Task material:
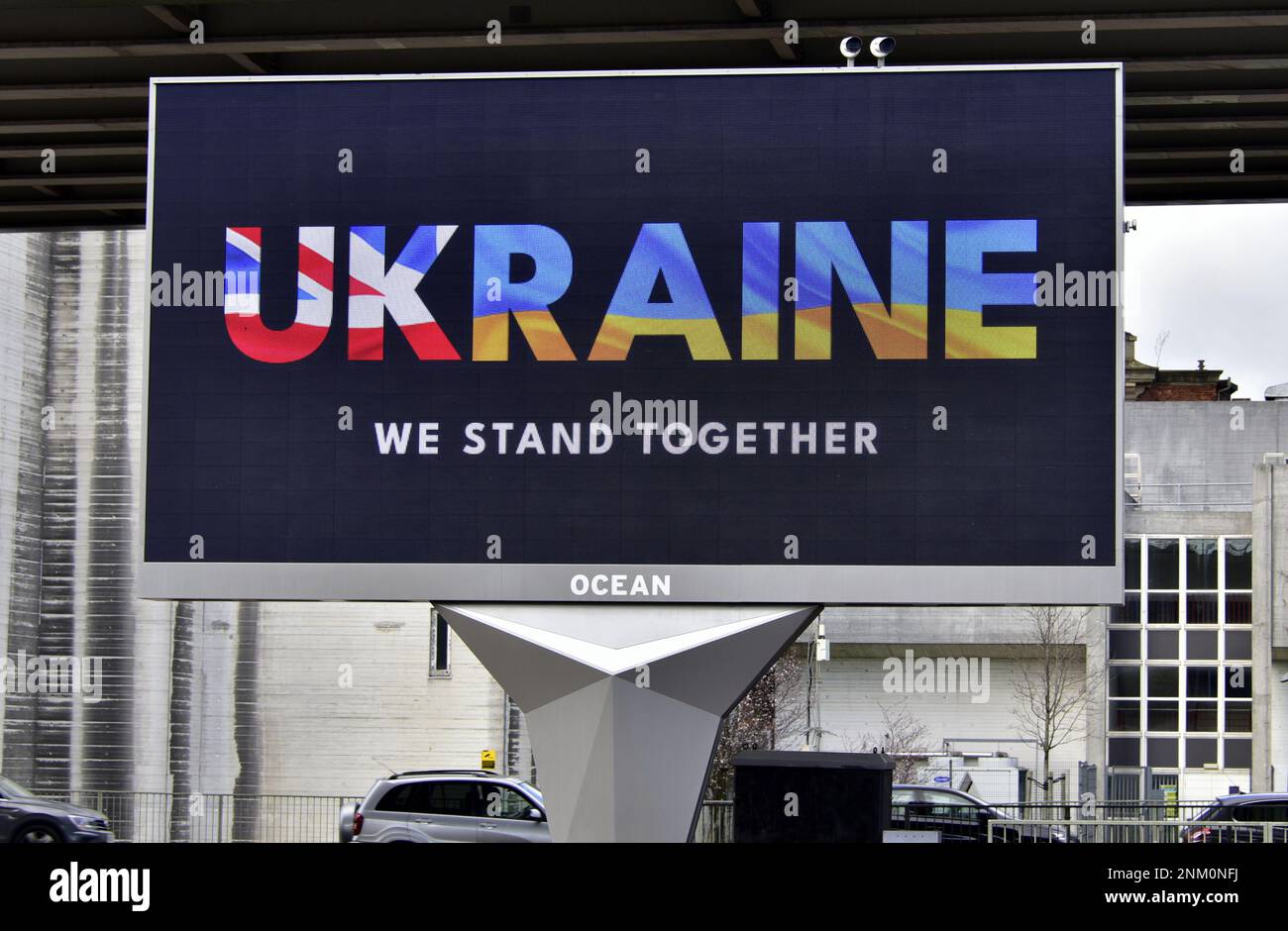 An electronic billboard in Manchester, UK, on 24th February, 2023, marks the first anniversary of Russia's illegal invasion of Ukraine, with UKRAINE in British and Ukrainian flag colours and a 'We Stand Together' message. Stock Photo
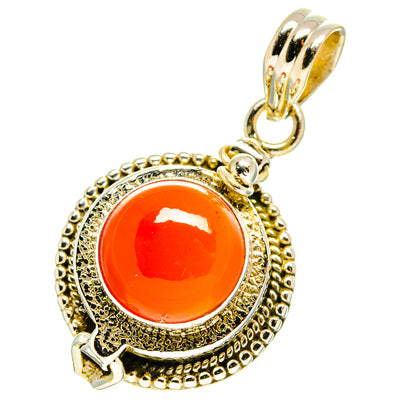Ornate carnelian pendant with orange round stone in textured silver frame, bail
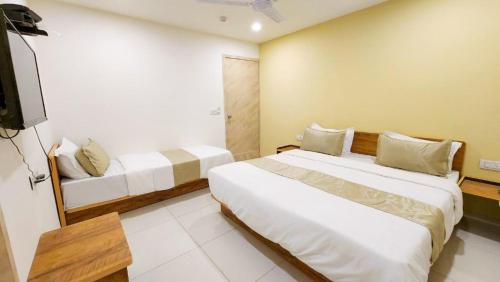 Hotel Nova Safalにあるベッド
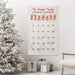 A personalized Christmas advent calendar hanging on a wall in a decorated living room, next to a flocked Christmas tree and wrapped gifts. The white fabric calendar features red text reading 'The Kingle Family Christmas Countdown' at the top, a row of illustrated reindeer, and numbered pockets from 1 to 25 with candy canes in some of the pockets.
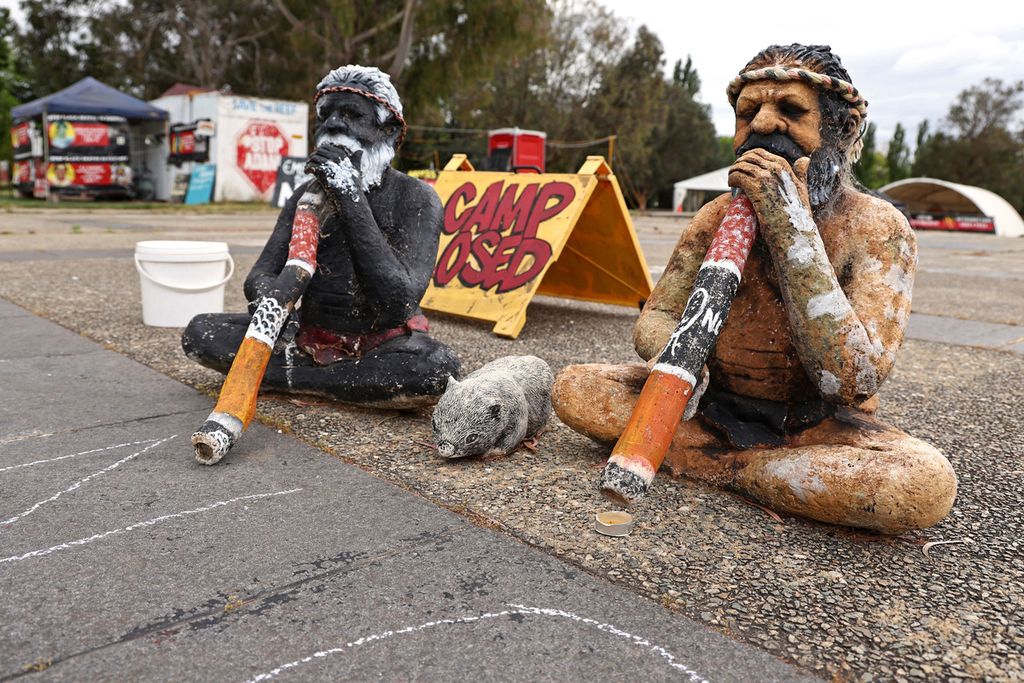 Two statues of indigenous Australians holding a didgeridoo, a musical instrument, sit in front of the Aboriginal Tent Embassy located outside the Old Parliament House in Canberra, Australia, on October 15, 2023.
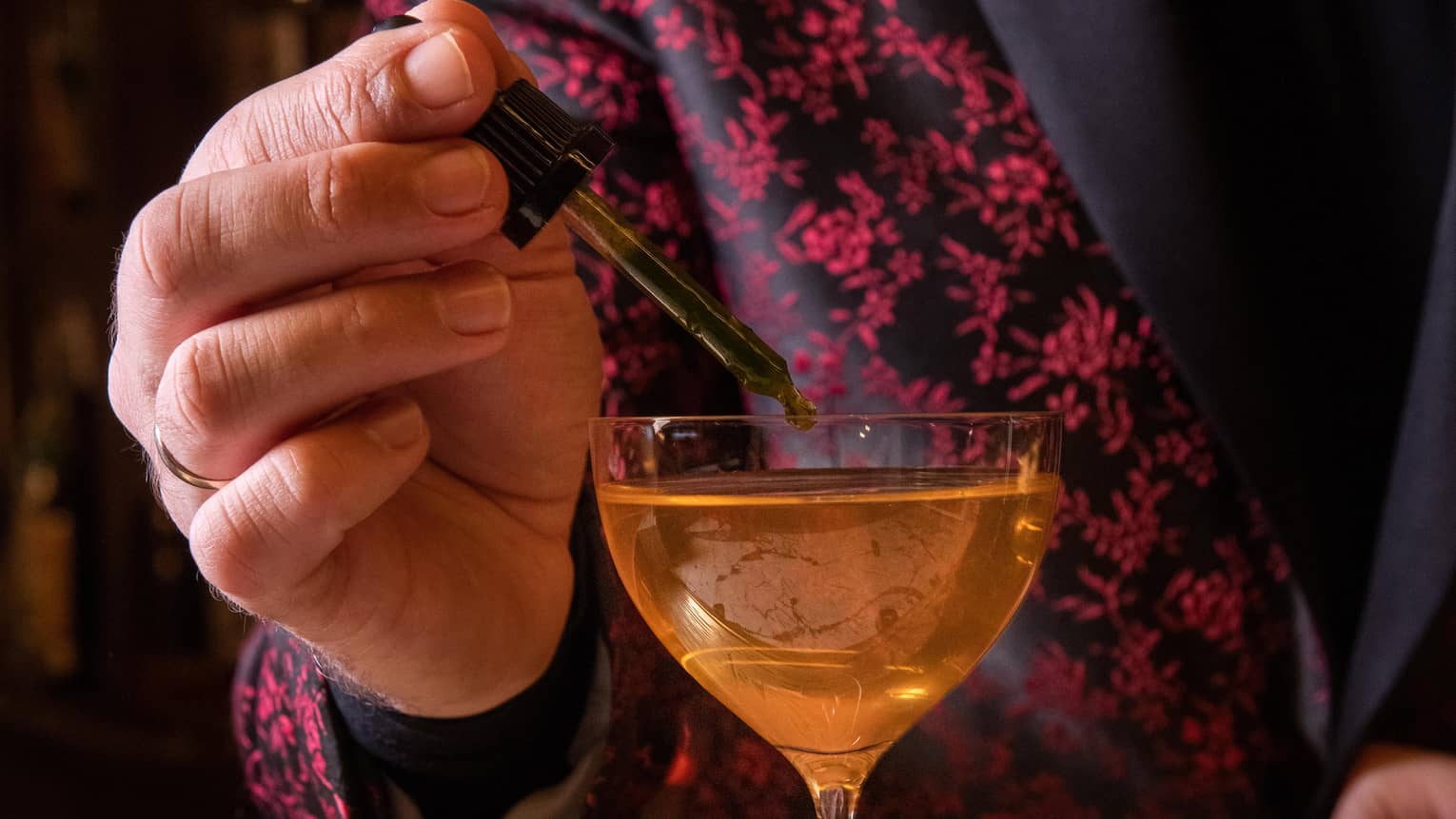 Bartender in red blazer uses dropper to add ingredient to bright-orange Basil cocktail in cordial glass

Aim of the task: Copy word for word the span of the records above that begins at the line with "Ornate carnelian pendant" and ends at the line with "Hotel Nova Safalにあるベッド", including those two lines but not the pictures.

Result of the task:
Ornate carnelian pendant with orange round stone in textured silver frame, bail
 Hotel Nova Safalにあるベッド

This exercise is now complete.